Finally, after five weeks (8, 9, 10, 11, 12) of framework upgrades and bug hunts, I found the time to work on actual feature development. Or so I thought…
My backend framework upgrade from week 8 didn’t let me off the hook quite that easily and kept a pesky out-of-memory error to strike sporadically (and in the middle of the night), rendering our account management backend inaccessible and thereby all of our game services at semi-broken. This left me no choice but to troubleshoot and fix the issue. And if the latter didn’t work, find countermeasures to prevent another downtime.
There’s a brief update about what I did in the linked incident report, but here are the steps in a bit more detail:
- Adjusted the configuration of the service to write so-called heap dumps whenever an out-of-memory error occurrs.
- Waited for one of these to be written.
- Analysed the heap dump, finding that the root cause is likely somewhere in 3rd-party code.
- Spent several hours trying to figure out whether and what code on my end might be triggering the stack overflow in the 3rd party code.
- Rewrote one suspicious implementation of a deprecated interface (which might have fixed the issue…or not…no further crash so far) but gave up on finding the root cause after that.
- Added a health check to the service’s container to mark it as “unhealthy” once it stops serving requests.
- Added an “auto-healer” container that restarts the service if it goes unhealthy.
- Got our ops-partner to add the service to their monitoring so there’s a higher chance of a human with admin access to notice that the service is down.

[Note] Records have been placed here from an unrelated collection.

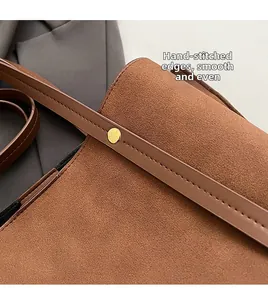 Detail of handcrafted stitching and gold stud hardware on brown vintage tote bag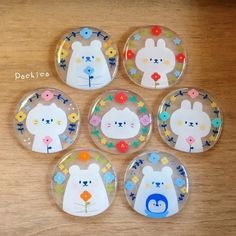 four glass magnets with animals on them sitting on top of a wooden table next to each other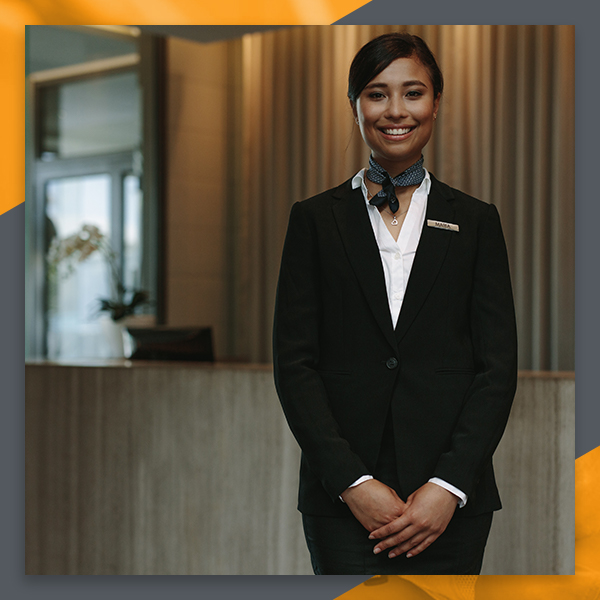 Hotel receptionist smiling in front of front desk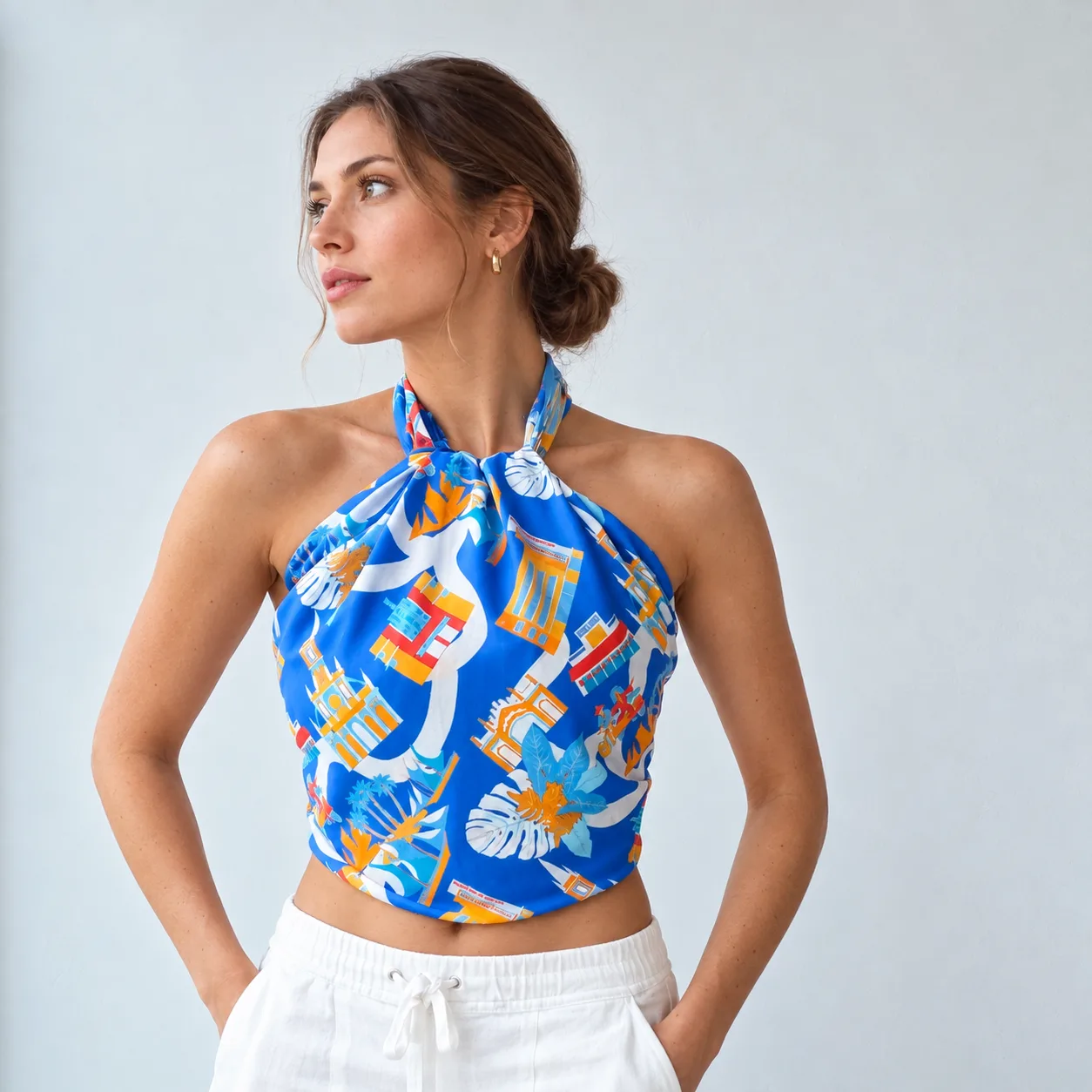 Detail view showcasing the custom silk construction with a halter neck design, featuring a secure knot and fitted bodice for comfortable wear tailored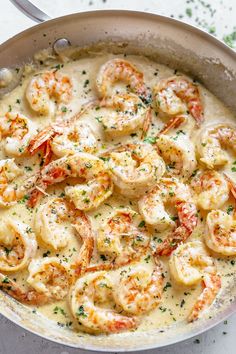 a skillet filled with shrimp and grits on top of a white countertop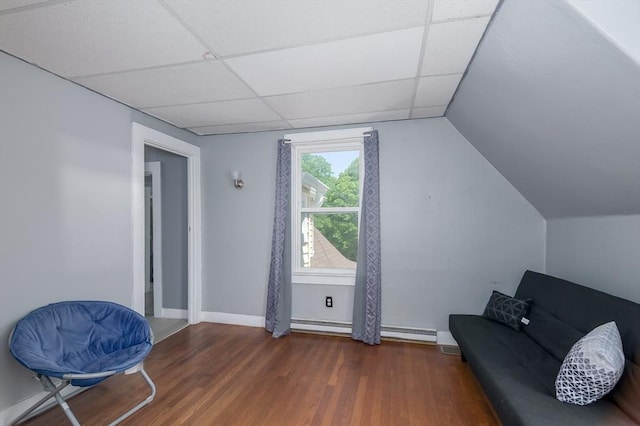 14 Sutton Ave, Oxford, MA 01540 - unfurnished room with wood finished floors, a drop ceiling, baseboards, and a baseboard radiator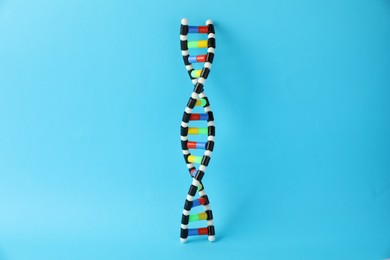 Photo of DNA structure model on light blue background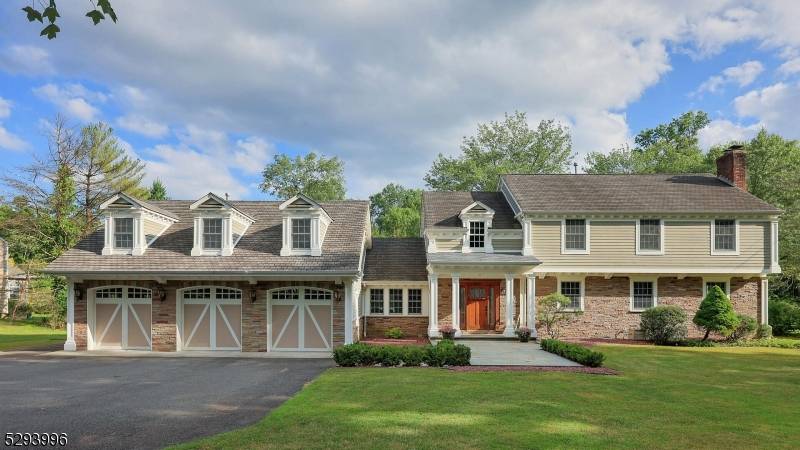 This exquisite 5 bedroom Colonial on 1.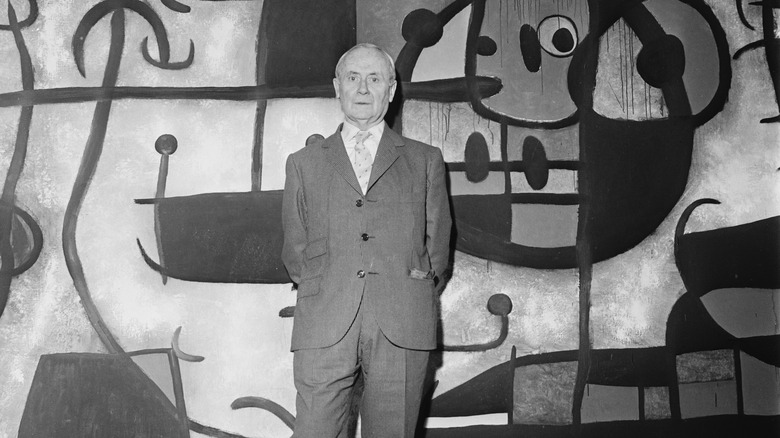 Joan Miro standing in front of his art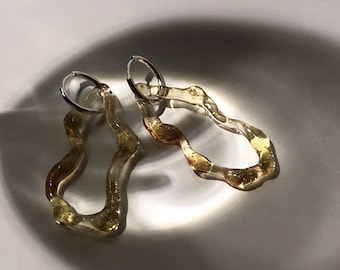May include: A pair of gold and clear resin hoop earrings with a wavy, organic shape. The earrings are made of a translucent material with a subtle shimmer.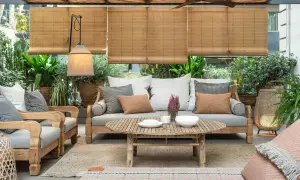 Acogedora terraza estilo mediterráneo con sofá, sillones de madera, mesa de centro y abundante vegetación.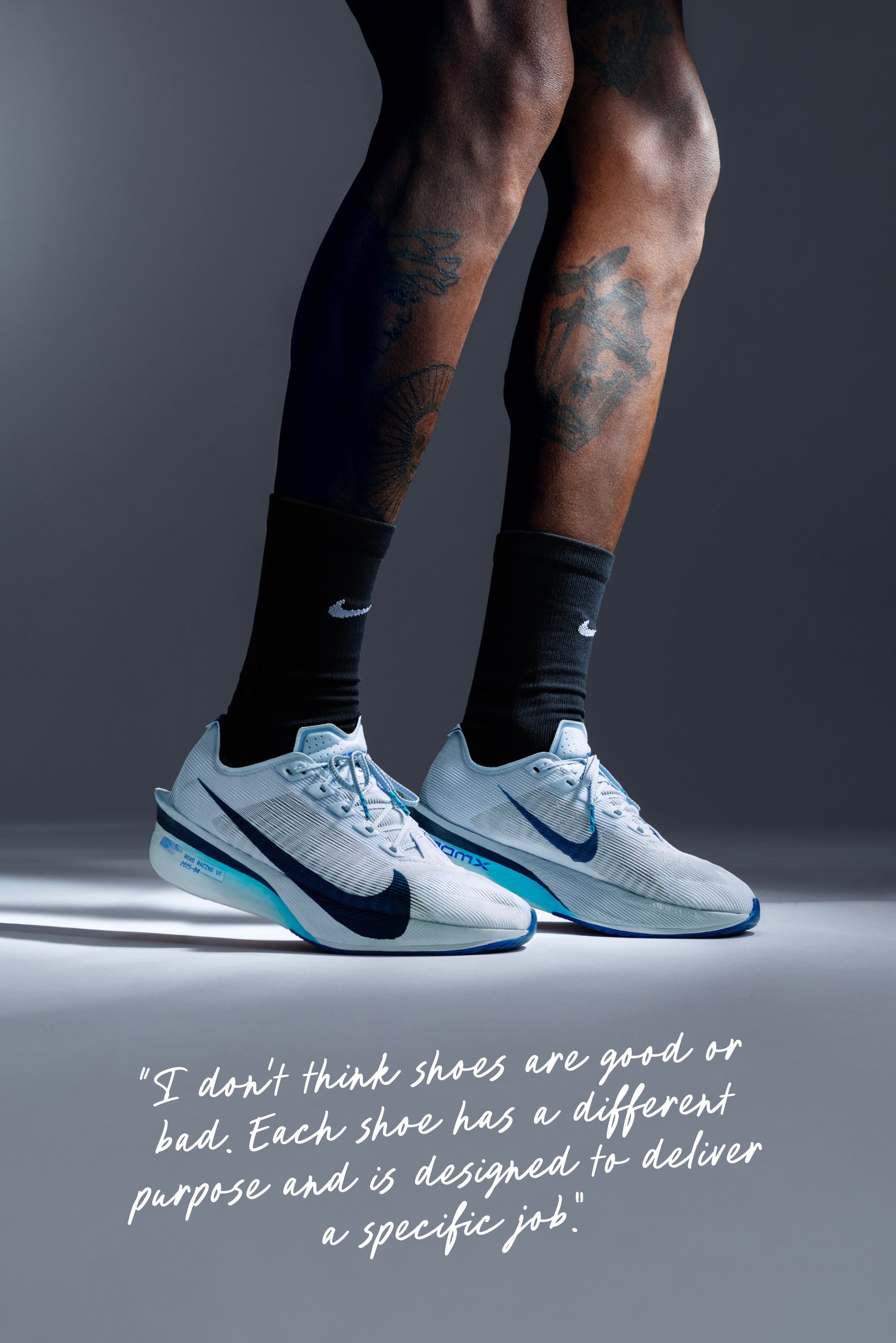 Hellblaue Laufschuhe mit einem dunkelblauen Nike-Swoosh, strukturiertem Obermaterial und gepolsterter Sohle. Schwarze Socken sind über den Schuhen sichtbar.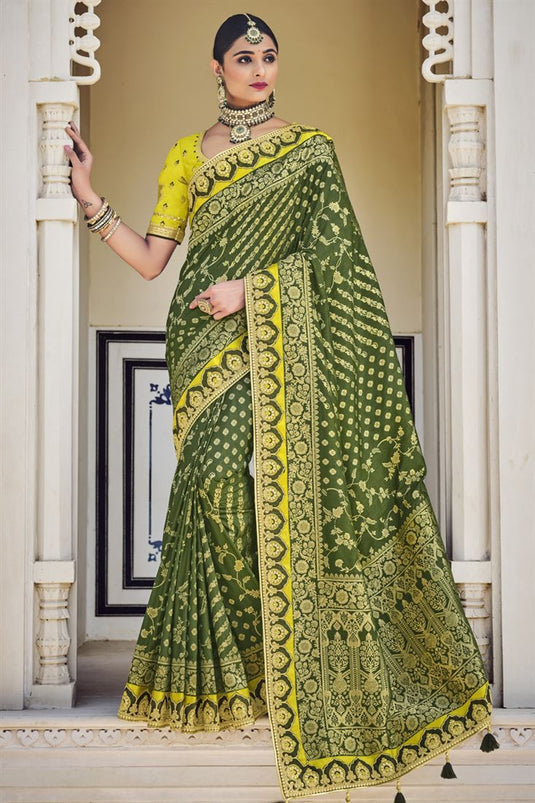 Banarasi Fabric Dark Green Color Wedding Wear Designer Saree With Weaving Work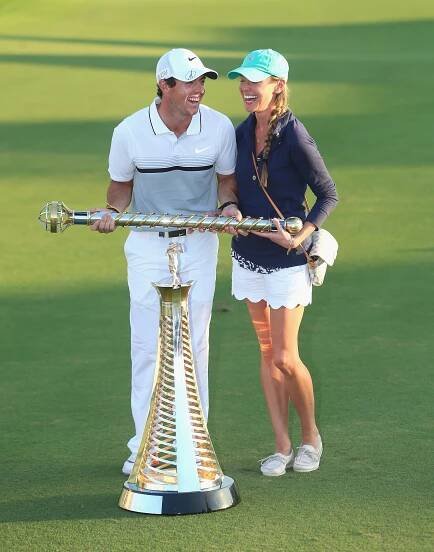 Rory McIlroy of Northern Ireland and his then-girlfriend Erica Stoll pose with the Race To Dubai and DP World Tour Championship trophies following the final round of the DP World Tour Championship on the Earth Course at Jumeirah Golf Estates on November 22, 2015 in Dubai, United Arab Emirates.  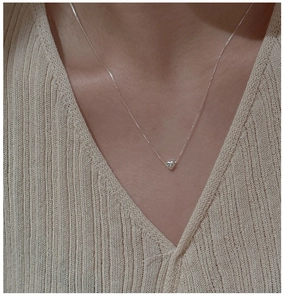 Gros plan d'un délicat collier pendentif cœur en argent sterling S925 sur un mannequin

As said, the service was well-behaving since I’ve done the changes. But the problem only occurs sporadically, so it’ll take a few days until I am somewhat convinced the problem is gone and/or my counter-measures work sufficiently well.
Oh, and that UI design work…didn’t spend as much time on it as I was planning to. But I am very hopeful that I’ll actually make some progress on that front in week 14…